Bug 2127096

Summary: [INTEL 8.7 BUG] [VROC] Reshape is started with not allowed chunk size
Product: Red Hat Enterprise Linux 8 Reporter: kinga.tanska
Component: mdadmAssignee: XiaoNi <xni>
Status: CLOSED ERRATA QA Contact: Fine Fan <ffan>
Severity: unspecified Docs Contact:
Priority: high    
Version: 8.7CC: blazej.kucman, ffan, kinga.tanska, lukasz.florczak, mariusz.tkaczyk, mateusz.grzonka, mateusz.kusiak, ncroxon, pragyansri.pathi, xni
Target Milestone: rcKeywords: Triaged
Target Release: 8.8   
Hardware: x86_64   
OS: Linux   
Whiteboard:
Fixed In Version: mdadm-4.2-7.el8 Doc Type: If docs needed, set a value
Doc Text:
Story Points: ---
Clone Of: Environment:
Last Closed: 2023-05-16 09:09:23 UTC Type: Bug
Regression: --- Mount Type: ---
Documentation: --- CRM:
Verified Versions: Category: ---
oVirt Team: --- RHEL 7.3 requirements from Atomic Host:
Cloudforms Team: --- Target Upstream Version:
Embargoed:

Description kinga.tanska 2022-09-15 10:45:27 UTC
Description of problem:
New version of mdadm, which was added to RedHat 8.7 contains defect.

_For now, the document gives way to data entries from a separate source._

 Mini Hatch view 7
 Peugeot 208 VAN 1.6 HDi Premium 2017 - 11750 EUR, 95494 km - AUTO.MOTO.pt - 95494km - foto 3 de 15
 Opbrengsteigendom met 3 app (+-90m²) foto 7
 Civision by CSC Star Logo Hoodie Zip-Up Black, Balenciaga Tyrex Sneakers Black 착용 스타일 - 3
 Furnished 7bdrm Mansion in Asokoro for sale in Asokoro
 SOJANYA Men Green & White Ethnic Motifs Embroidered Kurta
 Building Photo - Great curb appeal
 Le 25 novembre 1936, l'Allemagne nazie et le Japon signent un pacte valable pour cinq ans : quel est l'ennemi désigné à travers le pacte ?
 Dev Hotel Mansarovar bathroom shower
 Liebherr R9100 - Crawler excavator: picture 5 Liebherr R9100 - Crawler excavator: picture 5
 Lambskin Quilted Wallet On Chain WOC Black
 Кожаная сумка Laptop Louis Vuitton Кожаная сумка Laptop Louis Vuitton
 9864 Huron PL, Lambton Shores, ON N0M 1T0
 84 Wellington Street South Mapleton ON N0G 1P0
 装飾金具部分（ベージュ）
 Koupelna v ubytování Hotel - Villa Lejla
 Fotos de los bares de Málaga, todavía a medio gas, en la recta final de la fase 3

We are working on resolution. This bug is being opened to highlight that defect was found and fix is in progress. Mdadm will need to be updated to the version with fix, when fix will be done. I will report it in comment.

Version-Release number of selected component (if applicable):
mdadm - v4.2 - 2021-12-30 - 5

How reproducible:
always

Steps to Reproduce:
1. Create container and RAID
# mdadm -CR /dev/md/imsm -e imsm -n2 /dev/nvme0n1 /dev/nvme1n1
# mdadm -CR  /dev/md/vol -l0 --chunk=16 -n2 /dev/nvme0n1 /dev/nvme1n1
2. Wait for resync if required.
3. Try process migration with incorrect chunk size
# mdadm --grow /dev/md/vol --chunk=256

Actual results:
- mdadm returns expected output but reshape is started with 0K/sec speed

- mdadm output:
mdadm: freesize and superblock must be set for autolayout, aborting
mdadm: level of /dev/md/r0d2s16_A_0 changed to raid4
mdadm: platform does not support a chunk size of: 256
mdadm: IMSM RAID geometry validation failed.  Array r0d2s16_A activation is blocked.

Expected results:
- mdadm returns output containing “ “mdadm: platform does not support a chunk size of: 256"”
- reshape does not start

Comment 1 Nigel Croxon 2022-09-22 13:25:37 UTC
I have a fix, but I need more testing time on different configurations.

As a workaround:

After this command "mdadm -CR  /dev/md/vol -l0 --chunk=16 -n2 /dev/nvme0n1 /dev/nvme1n1" is executed,
there will be a new file, in the filesystem under "/sys/block/md12x/md/sync_max"
Where the "md12x" will need to be replaced with the letter the filesystem created. My example will use md126.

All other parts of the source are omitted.